# Remove the extra yellow from Bachmann UP stock car.



## SailorDon (Jan 6, 2008)

It's not much effort to improve the appearance of the Bachmann UP stock car. Basically snap the sliding doors off the body and snap the body off the frame and paint the inside with a wood color paint. It makes the translucent yellow molded plastic look less "toy-like".


I had to put two coats of paint on mine to get the desired result. For an A-B comparison, I photographed my altered stock car alongside a new "straight out of the box" UP stock car. 

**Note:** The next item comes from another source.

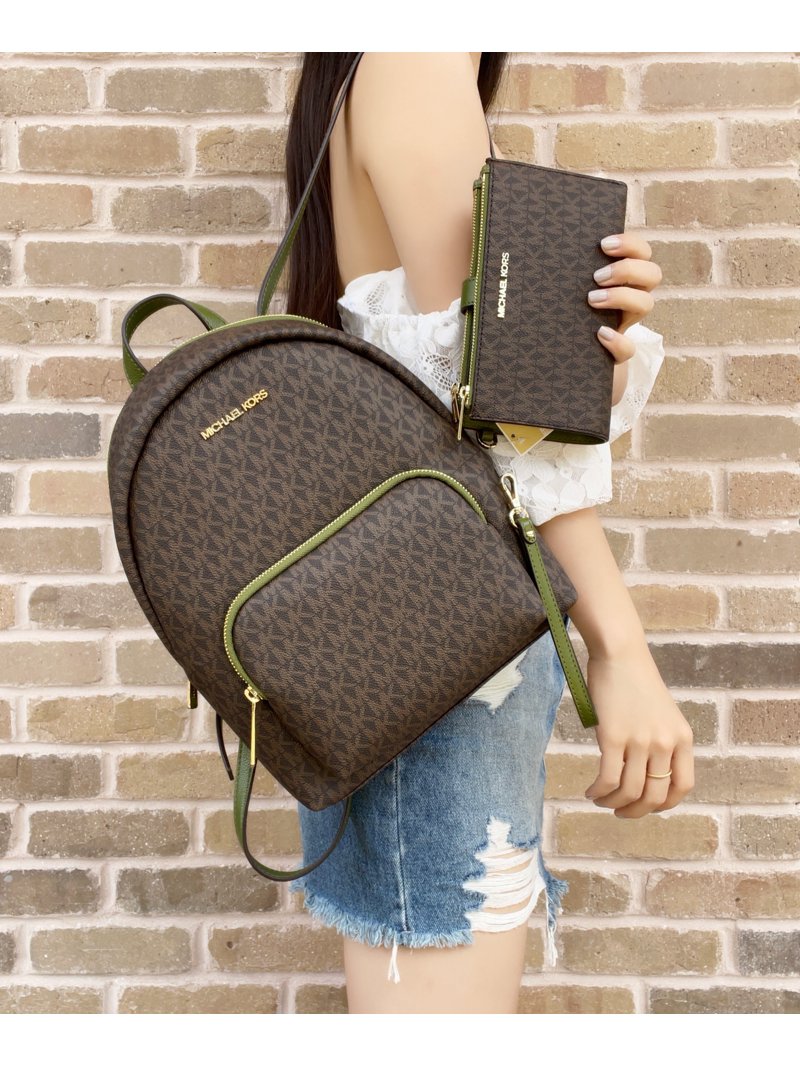 Michael Kors Erin Medium Signature MK Backpack Evergreen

I know it doesn't approach the quality of Accucraft stock cars, but I think this came out pretty good for $38. ($65 list price).


----------



## Dave F (Jan 2, 2008)

I gotta say, I run a lot of Bachmann cars and they really give a lotta bang for the buck. With a little elbow grease and ingenuity (sp?) they do a fine job. I have an entire coal train of Bachmann hoppers, I've added a few minor details and tweaked a few things, but they are largely unchanged and look just great rolling by behind my USAT GP-30 at 35 scale miles per hour. Metal wheels too... how can you argue at less than $40.00 ?? 

Great idea to paint the interior of the stock cars, they looks geat ! Nice job.


----------



## San Juan (Jan 3, 2008)

Very nice improvement. Fairly simple too. The painted interior looks so much better then the yellow version and even adds some depth and shadow effects. Nice job. 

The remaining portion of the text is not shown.